_Problem requirements_. Using the listing below, please print exactly the lines from the one with "Puck-Cover zur Feier" through the one with "Midnight Muse Black". Leave out every picture.

_Data to examine_.
• • • • • • •

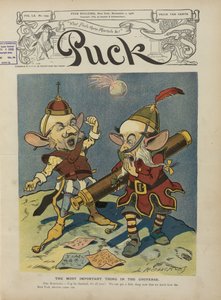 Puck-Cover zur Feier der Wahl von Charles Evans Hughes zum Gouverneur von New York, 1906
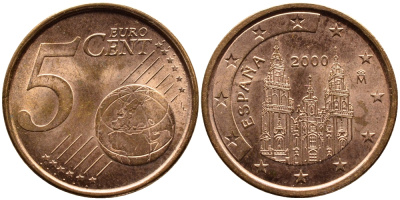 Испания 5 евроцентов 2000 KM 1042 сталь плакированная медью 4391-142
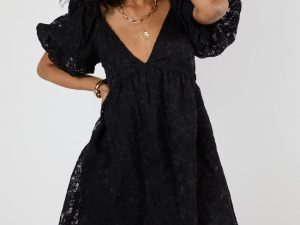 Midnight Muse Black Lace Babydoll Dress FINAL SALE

• • • • • • •

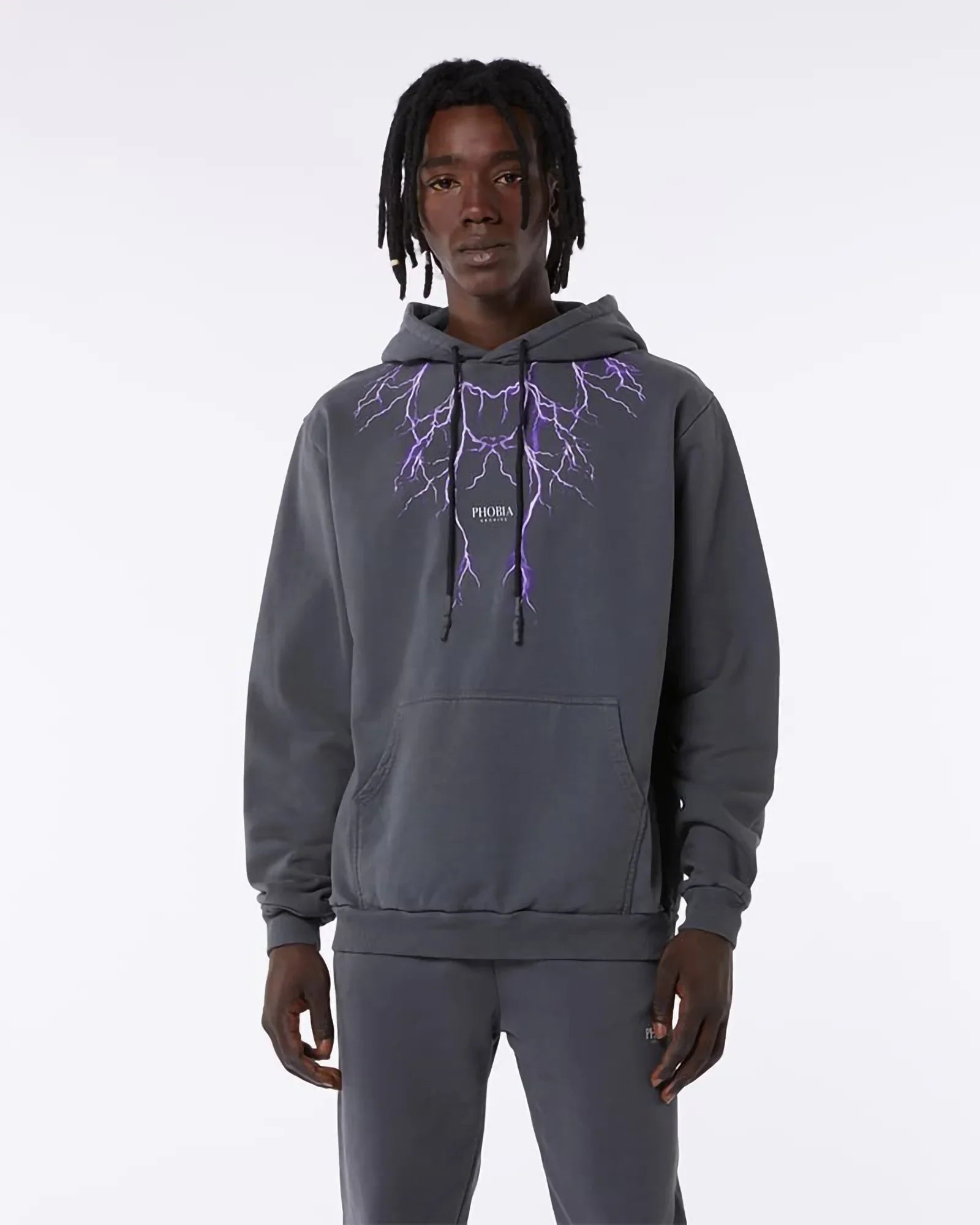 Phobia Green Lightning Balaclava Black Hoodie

• • • • • • •

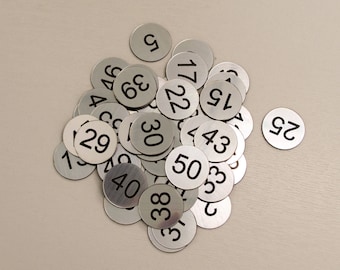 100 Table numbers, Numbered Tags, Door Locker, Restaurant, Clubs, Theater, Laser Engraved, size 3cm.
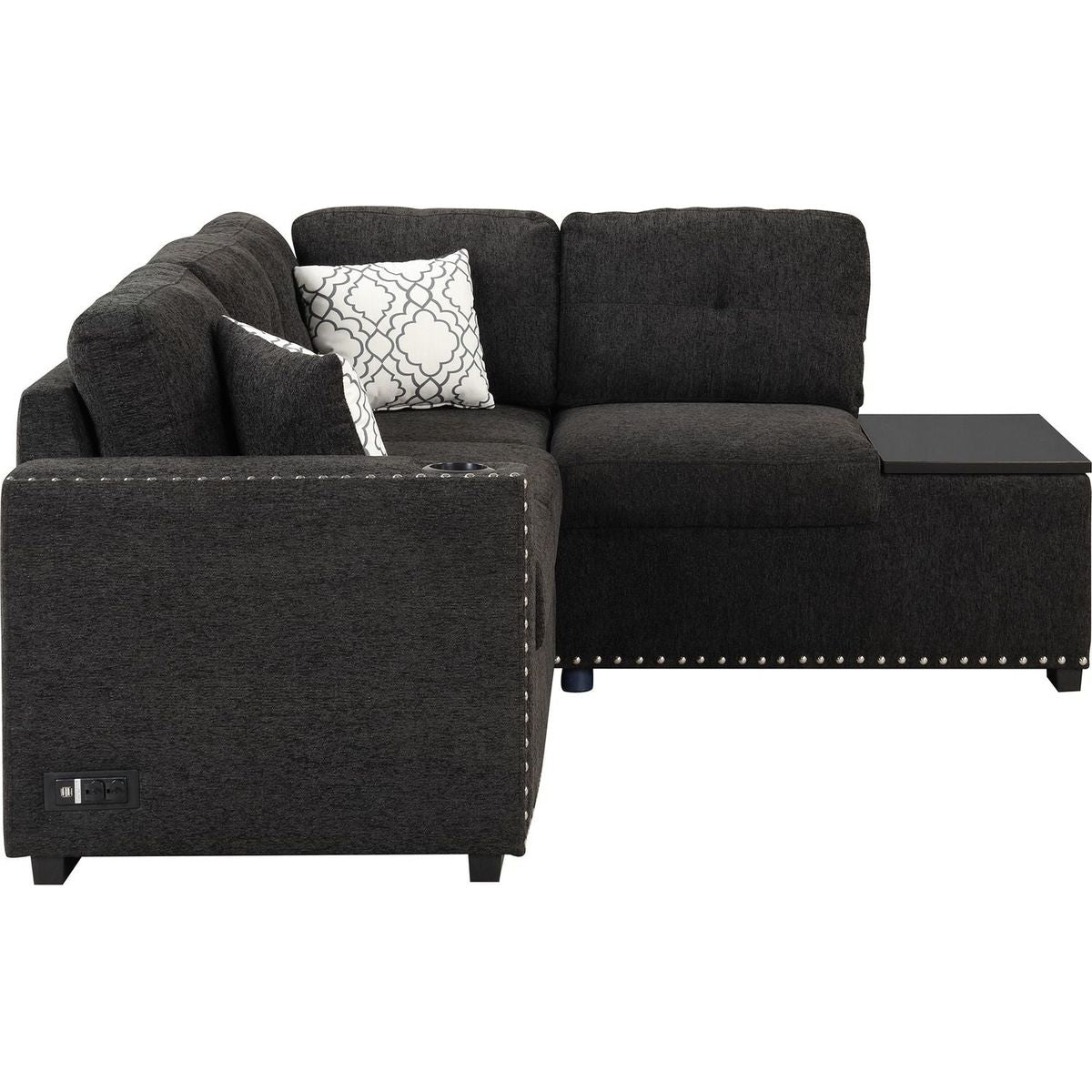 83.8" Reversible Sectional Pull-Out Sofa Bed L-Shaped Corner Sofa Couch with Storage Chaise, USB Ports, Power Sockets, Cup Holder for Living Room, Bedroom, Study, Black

• • • • • • •

_Result_.
 Puck-Cover zur Feier der Wahl von Charles Evans Hughes zum Gouverneur von New York, 1906
 Испания 5 евроцентов 2000 KM 1042 сталь плакированная медью 4391-142
 Midnight Muse Black Lace Babydoll Dress FINAL SALE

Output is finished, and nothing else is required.